Kokosnuss

Im Hauptheiligtum der Gottheit Kambodscha ist der Pfarrer mit zwei Helfern für Stunden damit befasst, die Gaben entgegenzunehmen.
Unter den drei Keimlöchern der Kokosnuss versteht man so genannte Augäpfel. Das dritte ist ein " Weisheitsauge " - auch der Gott Schiwa hat drei Augäpfel in der Tradition.
Unter den sensationellen Veranstaltungen der alljährlichen Feierlichkeiten sind die Menschen zu finden, die ein Gelöbnis ablegen und es mit öffentlichem Selbstversprechen bekannt machen wollen.
Am Morgen vor der großen Pujaprozession, dem "Gottesdienst", wird die Kokosnuss eingeweiht und mit Macht beladen (Shakti).
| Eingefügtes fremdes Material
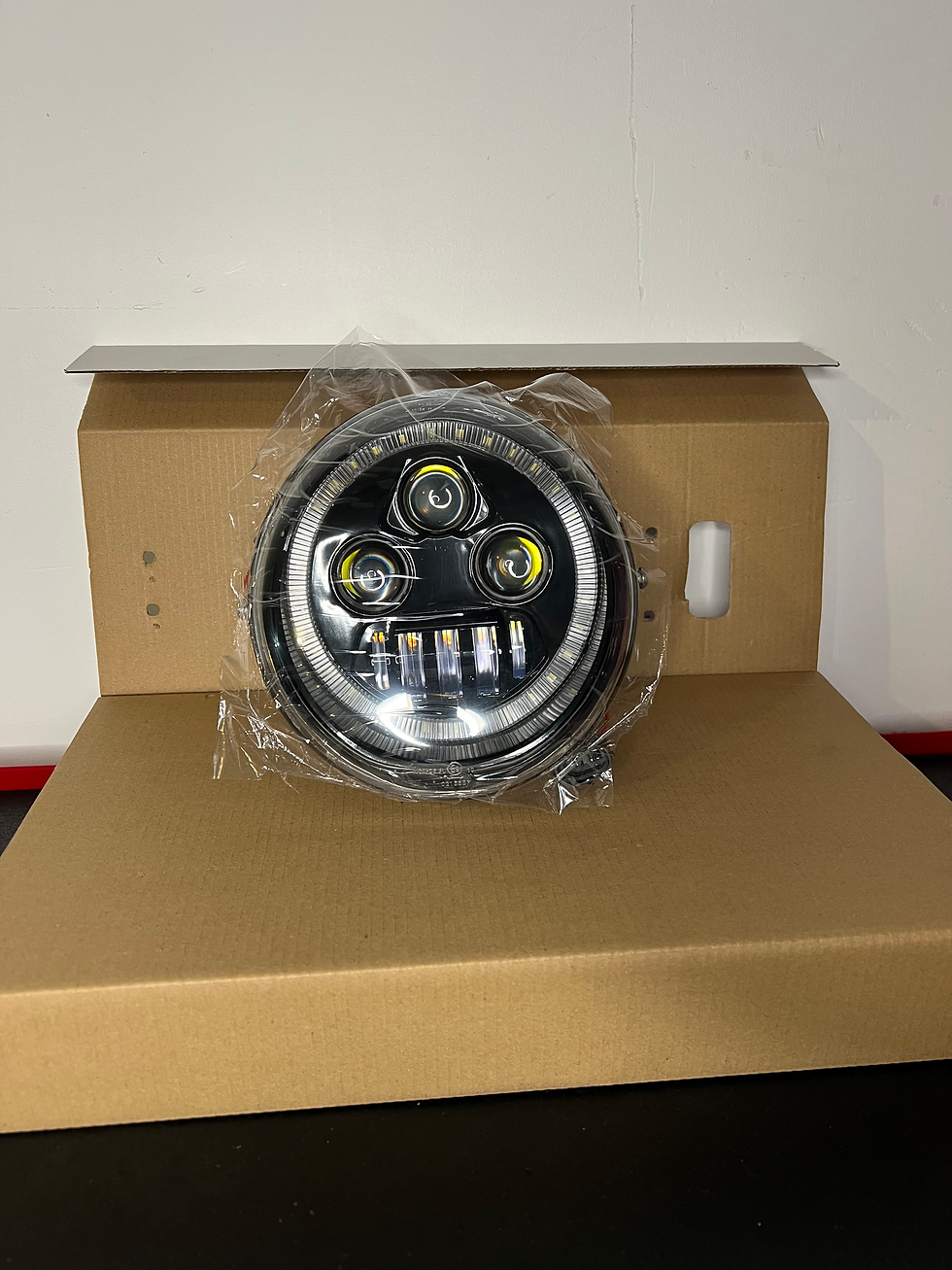 Miniaturbild: LED Headlight Conversion Kit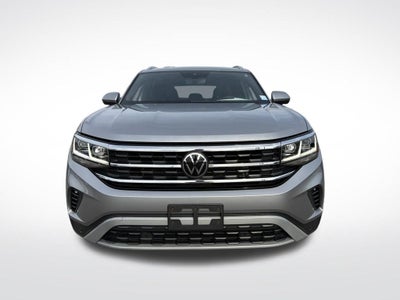 2023 Volkswagen Atlas Cross Sport 2.0T SEL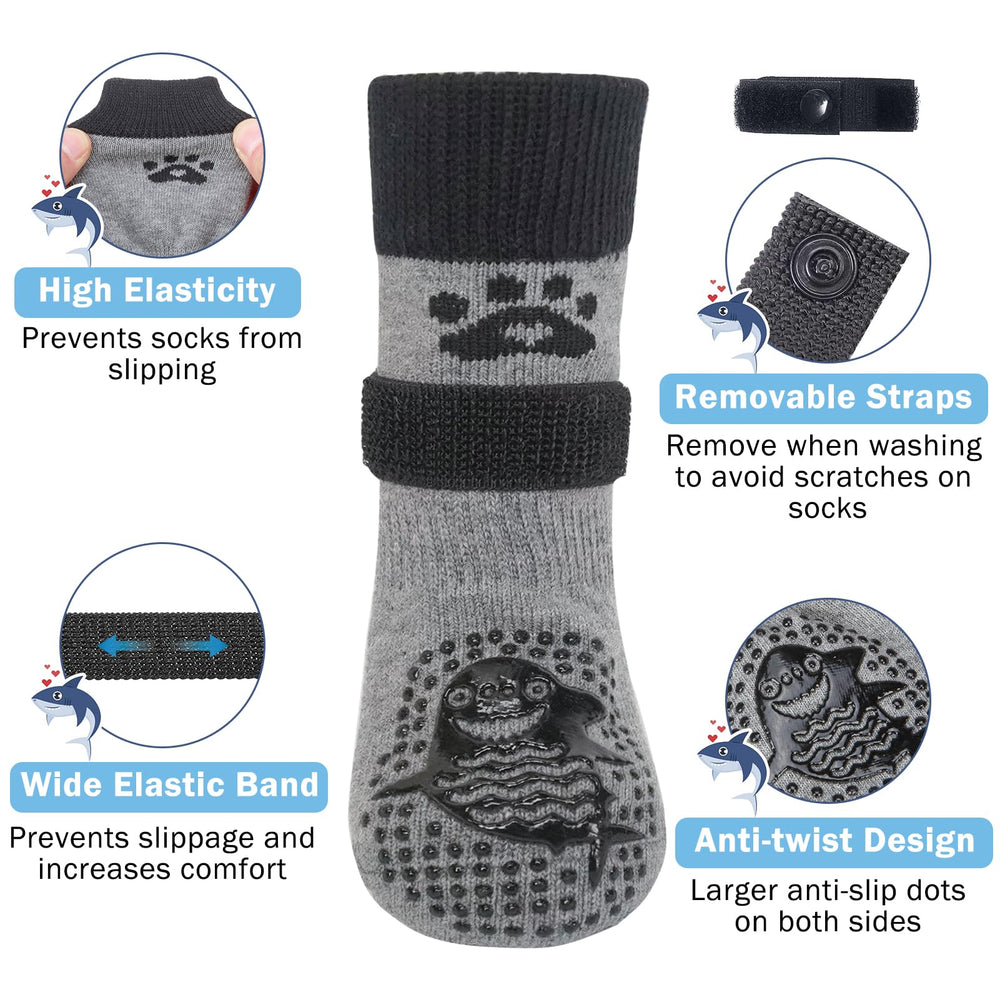 SCENEREAL calcetines ofrecen protección de zonas sensibles y reducción de irritación al uso.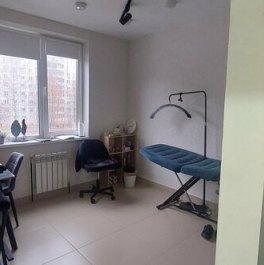 Продажа 2-комн квартиры на вторичном рынке Коломна, улица Октябрьской Революции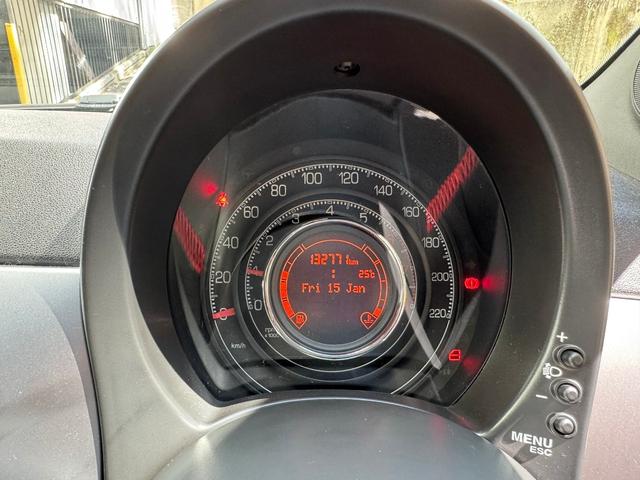 ５００Ｓ ツインエア　ツインエア　５００Ｓ　５ＭＴ　ターボ（40枚目）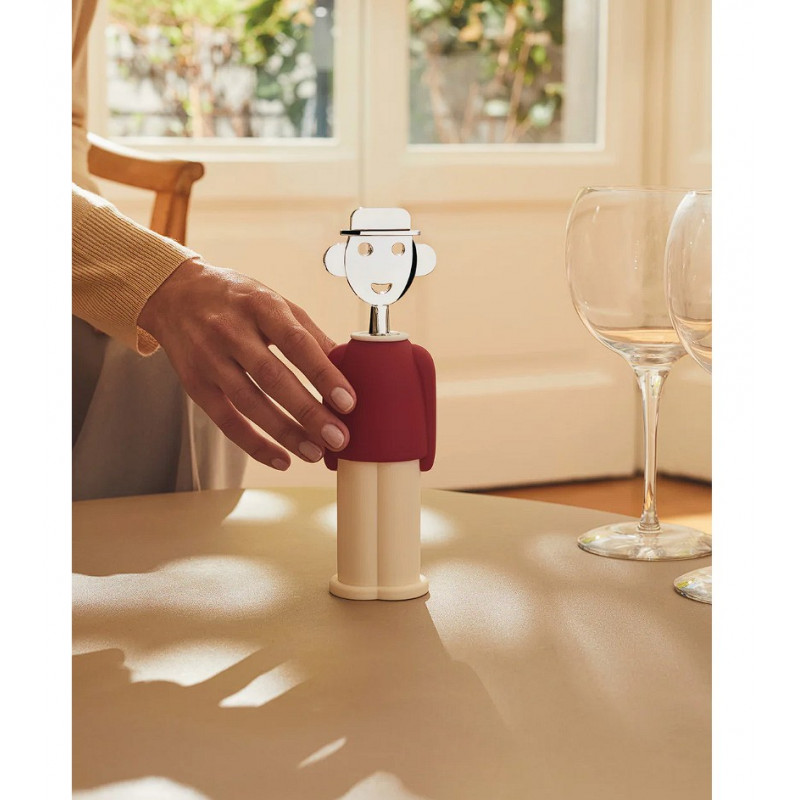 Tire-bouchon Alessandro M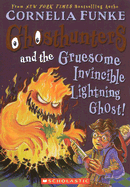 Ghosthunters and the Gruesome Invincible Lightning Ghost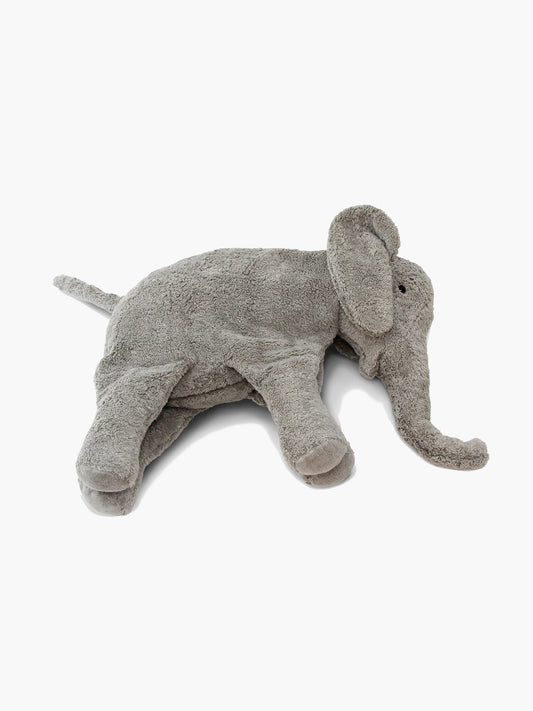 Cuddly Animal Elephant - WLLW - soft stuffed animal

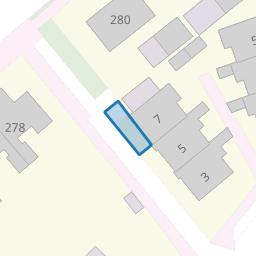 Perceel ODB01-M-7958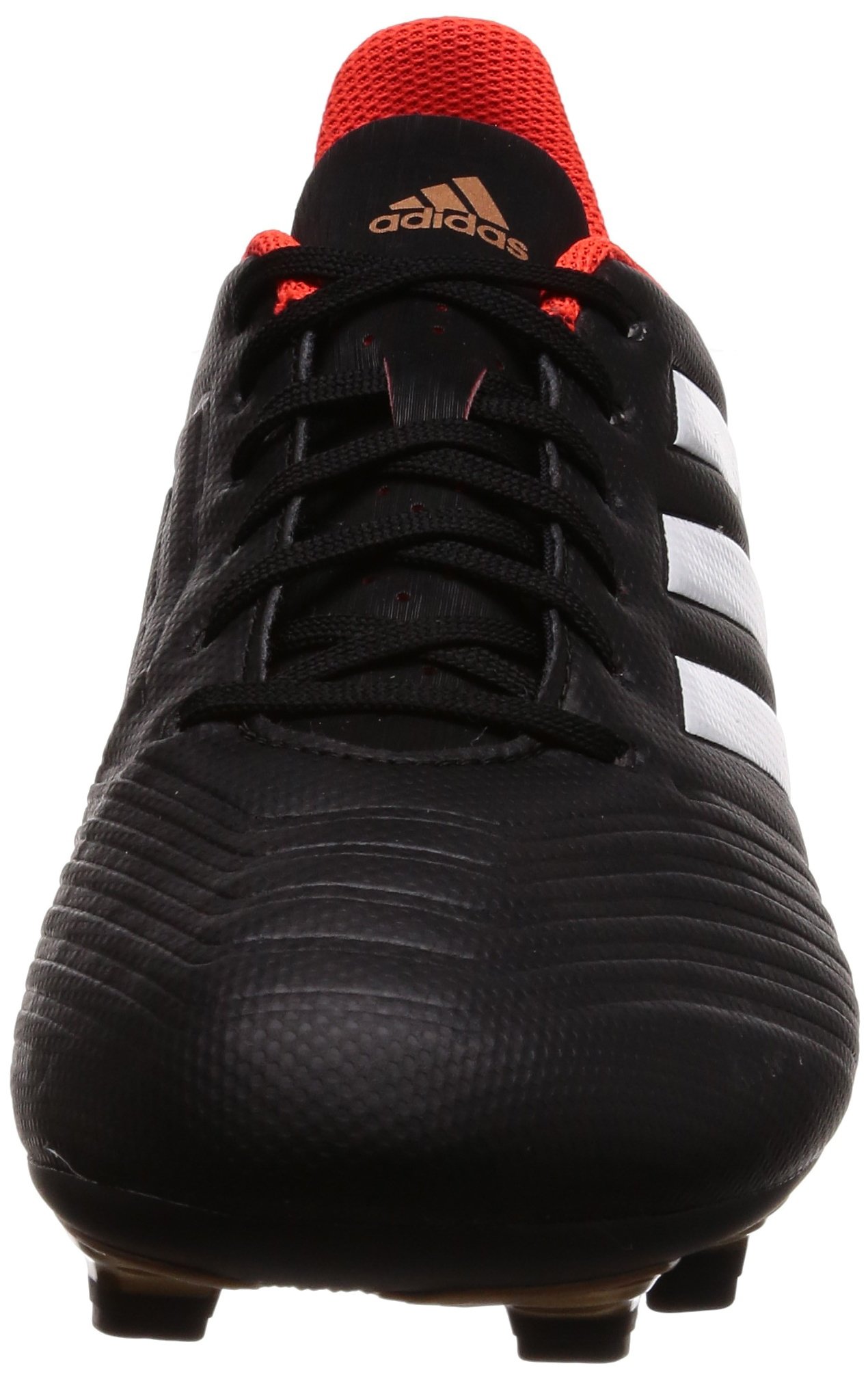 adidas men's predator 18.4 fxg soccer cleats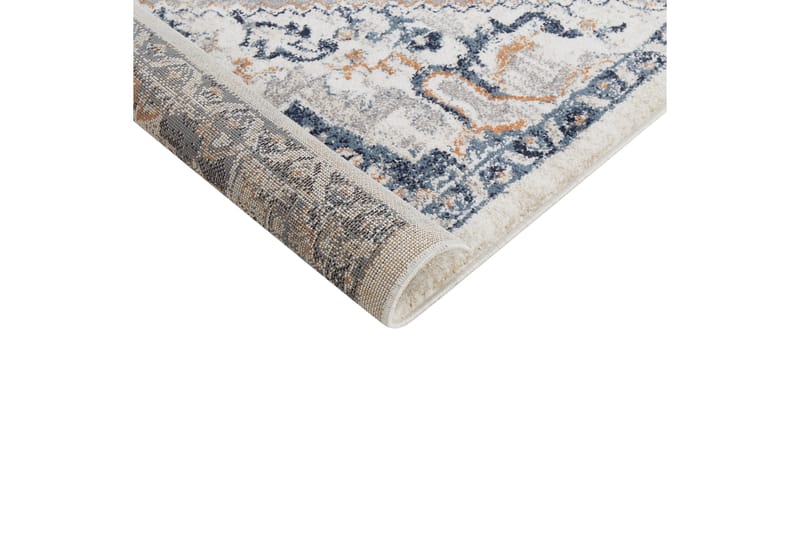 Ryamatta Nerkin 160x230 cm - Beige - Textil & mattor - Matta - Modern matta - Ryamatta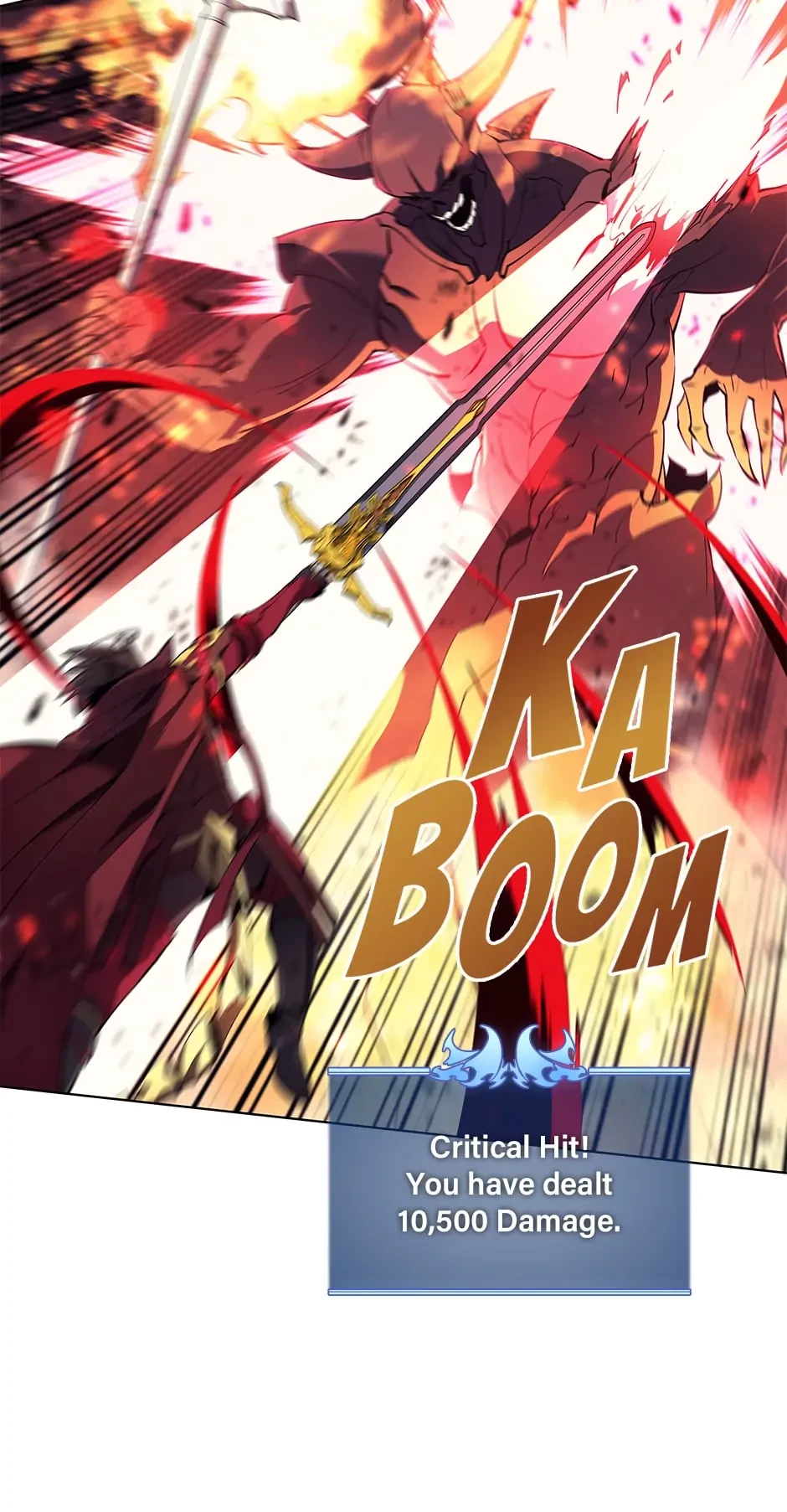 Overgeared Chapter 89 - 16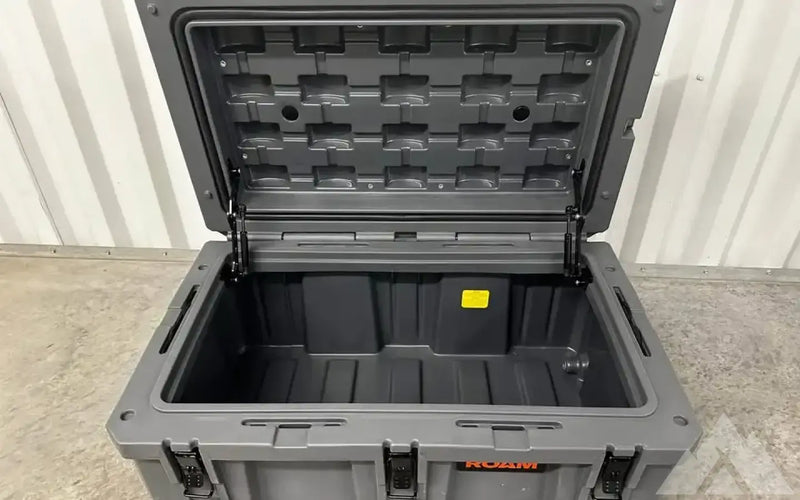 Roam 160L Rugged Case — used cases & cargo boxes for sale (photo 3) — photo 3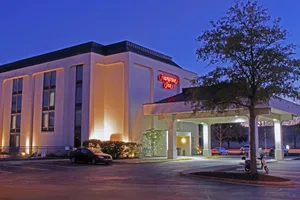 Image of Hampton Inn Norfolk/Chesapeake (Greenbrier Area)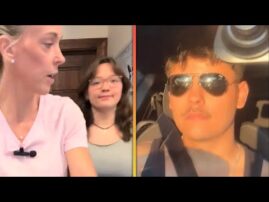 Alexis Gosselin Makes RARE Appearance After Collin’s HEARTBREAKING Plea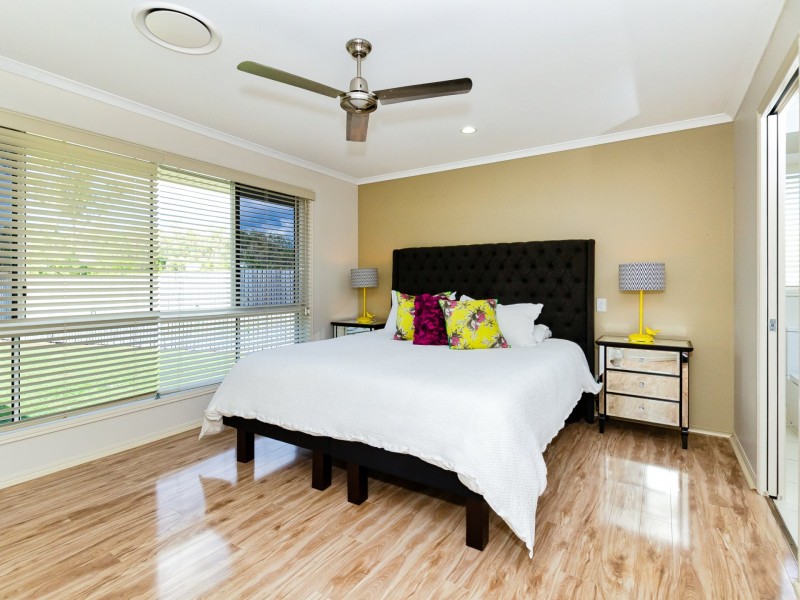 39 Hennie Drive, Benaraby QLD 4680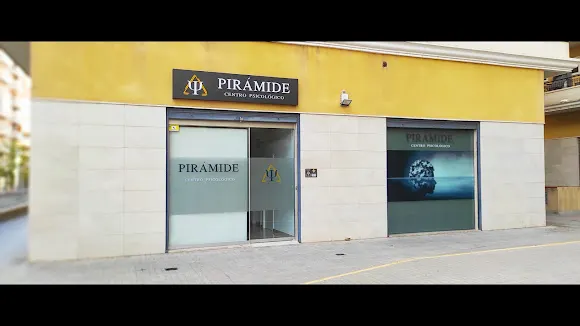PIRÁMIDE CENTRO PSICOLÓGICO - Alicante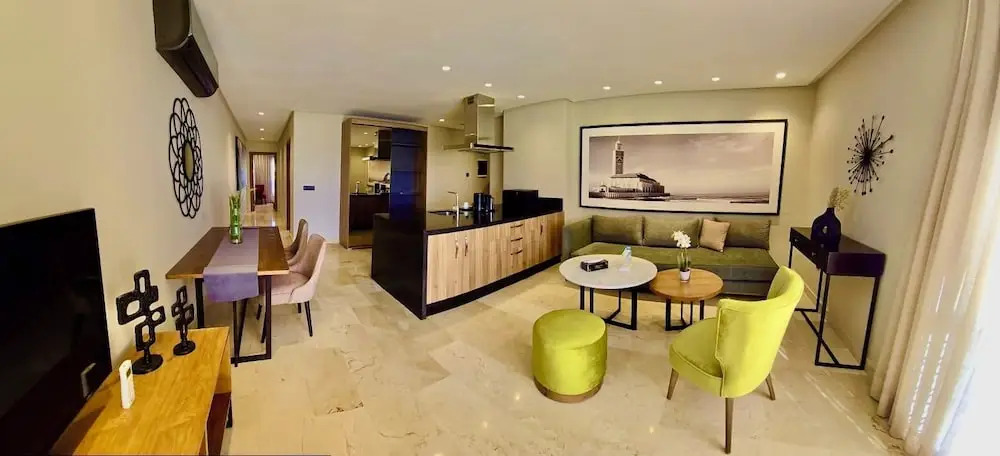 AS Premium By Soho Hotels Maarif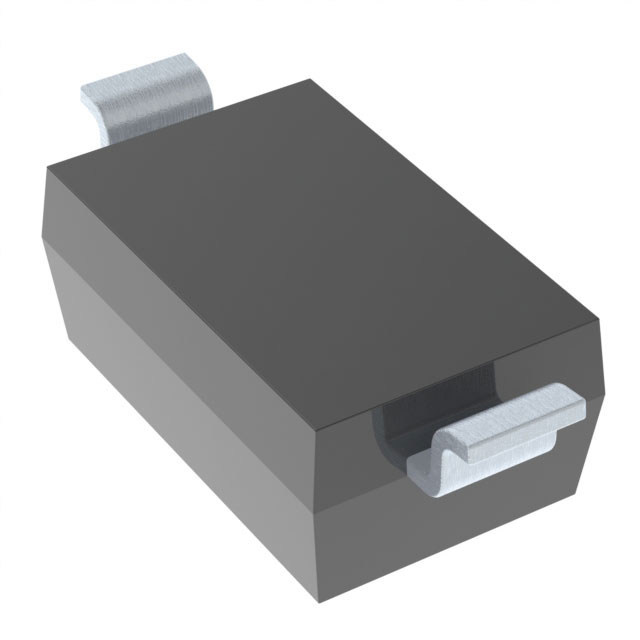 SZMMSZ10T1 onsemi  Diodi Zener singoli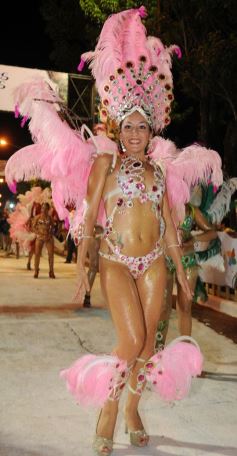 Foto de la galería: Finales en San Ignacio- Segunda parte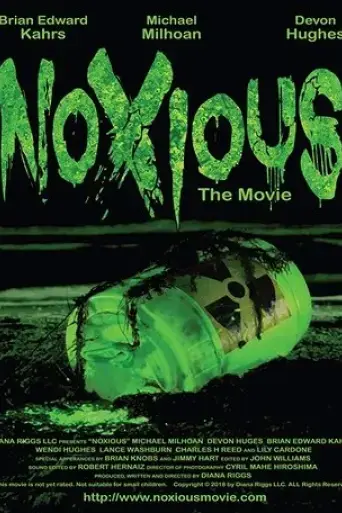 noxious-2018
Die Hauptgöttlichkeit des Tempel. Das Zentrum des Festes ist der Tempel Kambodscha. Wo immer kleine oder große Zeremonien stattfinden und alles auf die große Zeremonie warten. Wem es gelingt, sich nicht von musikalischen Düften, Geräuschen. Wer sich von der kulturellen Symbolkraft des Essens ablenken lässt, wird schnell feststellen, dass viele Gäste Fruchtschalen in den Armen halten.

Im Hauptheiligtum der Gottheit Kambodscha ist der Pfarrer mit zwei Helfern für Stunden damit befasst, die Gaben entgegenzunehmen. Sein Hauptaugenmerk gilt der Kokosnuss, die als wichtigstes Geschenk zu verstehen ist. Diese Kokosnuss heisst Saphala. Sie bedeutet "Frucht Gottes" und steht manchmal für Gott selbst und wird so zum Gegenstand der Verehrung.

Unter den drei Keimlöchern der Kokosnuss versteht man so genannte Augäpfel. Das dritte ist ein " Weisheitsauge " - auch der Gott Schiwa hat drei Augäpfel in der Tradition. Kokosnussmilch strömt zu Füssen der Göttin aus und steht für die Verschmelzung des einzelnen Selbst mit dem endlosen Selbst. Aber Kokosnuss ist eine weitere wichtige Komponente.

Unter den sensationellen Veranstaltungen der alljährlichen Feierlichkeiten sind die Menschen zu finden, die ein Gelöbnis ablegen und es mit öffentlichem Selbstversprechen bekannt machen wollen. Während der großen Festprozession rollen einige von ihnen um den ganzen Tempels herum. Oft wird ein unauffälliges und unauffälliges Details übersehen: Sie alle haben die Kokosnuss dabei. Eine Teilnehmerin bereitet sich auf den Hookdance zu Gunsten von Murukan vor und hat eine Kokosnuss in der Hand (Foto: mr).

Am Morgen vor der großen Pujaprozession, dem "Gottesdienst", wird die Kokosnuss eingeweiht und mit Macht beladen (Shakti). Die Kokosnuss versinnbildlicht auch das Gelöbnis und macht es für die Öffentlichkeit erkennbar. Alle sollten erkennen, dass hier jemand ein Gelöbnis ablegt. Der Jahrestag des Festes fängt am 9. Juli 2015 an, der Hauptfesttag des Festes des Tempels wird am 20. Juli mit einer großen Parade gefeiert.

Der Umzug zum Datteln-Hamm-Kanal erfolgt am 23. Juli 2015.